Blue Water Bay worth the drive
Published: Friday, August 1, 2003 at 6:01 a.m.
Last Modified: Friday, August 1, 2003 at 3:01 a.m.
Blue Water Bay has been a well-known restaurant for about 30 years. But it's only been open since February.
A fire claimed this longtime Melrose landmark on Oct. 28, 2001. It took 15 months for Byron Terwillegar and his father, Clyde, to rebuild it, but Blue Water Bay re-opened on Feb. 13.
It was worth the wait.
The dining room, paneled in cypress, is eclectically comfortable with stained glass, white linen and high-backed leather arm chairs (procured from the now-defunct Heritage Club in Gainesville). The menu is wide-ranging, featuring fresh fish, seafood, steaks and a couple of Cajun-Creole entrées for good measure. The wine list is surprisingly good, too.
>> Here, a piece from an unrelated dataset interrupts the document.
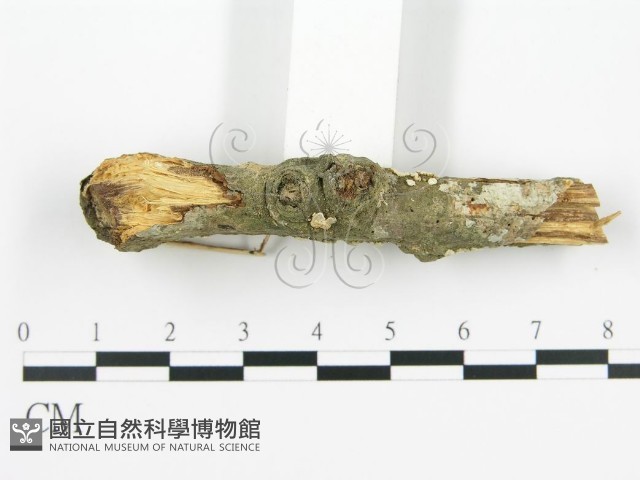 登錄號:F0002385藏品圖，第4張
It all adds up to quite a treat, one the people of Melrose and visitors to Lake Santa Fe should embrace. You'll feel comfortable dressed up, or down, with children or without.
Everything, from the herb garden growing in front, to appetizers, entrees and desserts, is a little out of the ordinary. That's what makes Blue Water Bay worth the 25-minute trip from downtown Gainesville.
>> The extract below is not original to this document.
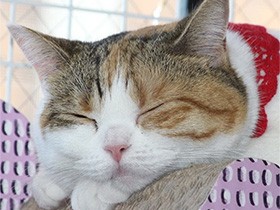 ペットロスだったわが家に灯りをともしたマンチカンの「ほたる」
Among the appetizers, it's hard to find a loser. The portobello mushrooms stuffed with sautéed crayfish tails (and sometimes asparagus, too) are hard to beat ($9.95), and for lovers of escargot, the "baker's dozen" sautéed with wine, mushrooms and roasted garlic are a cut above the usual ($7.95). Portobello pommes frites (fried potatoes) and a mango and brie quesadilla with herb salsa ($7.95 each) sound good, too.
I was astonished by the most unusual entree on the menu: crawfish etouffee served over rice pilaf ($15.95). I tried it on the server's recommendation and was pleasantly surprised. It was everything etouffee should be - a thick, spicy stew of crayfish and vegetables made flavorful by an earthy, dark roux. Beware, though, the menu says it's mild, but ours was fairly spicy.
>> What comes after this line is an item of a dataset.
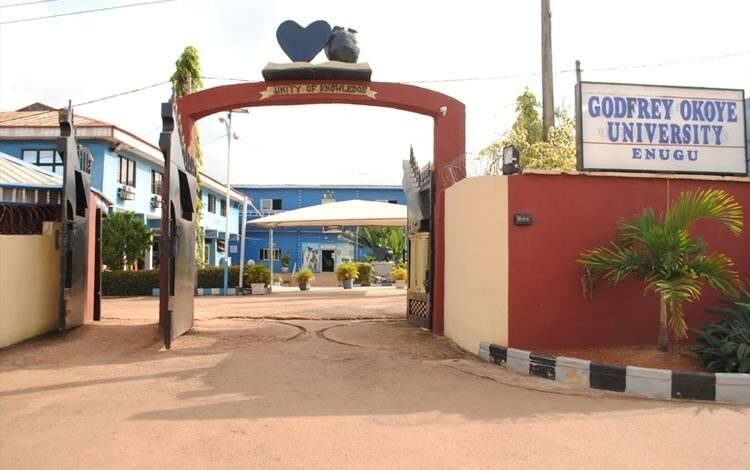 Godfrey Okoye University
Blue Water Bay serves great fried shrimp. They are luscious, lightly breaded and quickly fried ($12.95). Or try the BWB Combo, a char-grilled sirloin and fried shrimp ($15.95) or fried oysters ($14.95).
The restaurant has a popular (and gigantic) seafood platter, broiled or fried. The $25.95 version will serve two easily, and the $39.95 version will satisfy most parties of four. On Friday and Saturday nights, there is a seafood buffet.
Entree prices range from $12.95 to around $22. Each is served with a good house salad and choice of baked potato French fries, red or black beans and rice or herb pasta.
Don't miss dessert. There are only three on the menu - Key lime pie, carrot cake and brownies ($3.95 each) - but you won't go wrong. And if you're lucky, there might be some sour orange pie on hand.